THE BUBBA BUSTS REVISITED
If you are a longtime reader of Key West The Newspaper, you know that, after 18 years of publishing The Blue Paper, I retired last November. Since that time, I have been finishing up several personal projects– like sorting out 18 years of back issues to donate to the history department at the library. I also have a Peace Corps application pending. I have at least one more adventure left in me.
So while I am waiting to go to Africa or somewhere, I told Naja and Arnaud Girard that I would be happy to make some editorial contributions to their new on-line venture. Those contributions might be news stories or opinion pieces, if I get pissed off about something. But I have to tell you, as a retired guy, I don’t get anywhere near as pissed off at politicians and police as I used to.

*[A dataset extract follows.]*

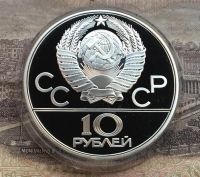Лот: 11435413. Фото: 3. Праздничная короткая распродажа... Коллекционирование, моделизм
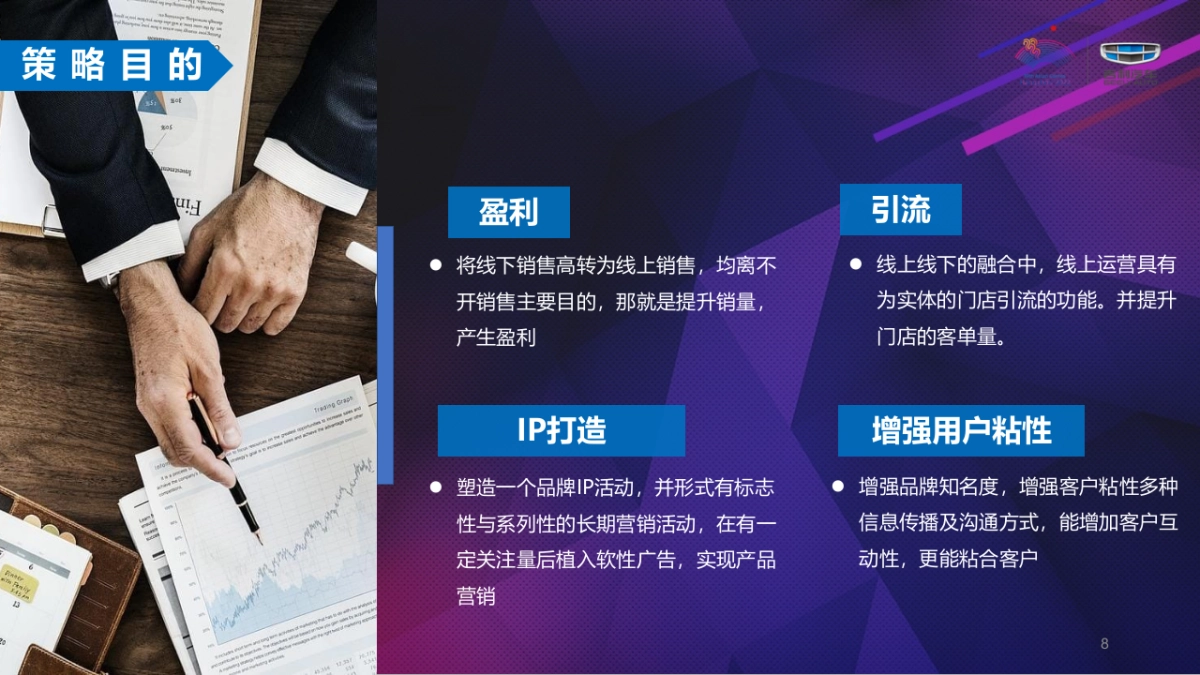 吉利汽车南区直播嘉年华活动策划方案_第8页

Another thing I might do for the Blue Paper while I’m waiting to take off on my new adventure is to re-publish some of the more interesting stories we published over the years. That’s what I have done this week. Back in 1995, the now-famous Mark Howell and David Mock researched and revisited the so-called Bubba Busts of 1975 and 1985. (As you may know, Mark Howell now edits Solares Hill.)
Their story originally appeared in Key West The Newspaper on February 17, 1995. It was updated and re-published on July 25, 2003, adding info about the 1995 Bubba Bust.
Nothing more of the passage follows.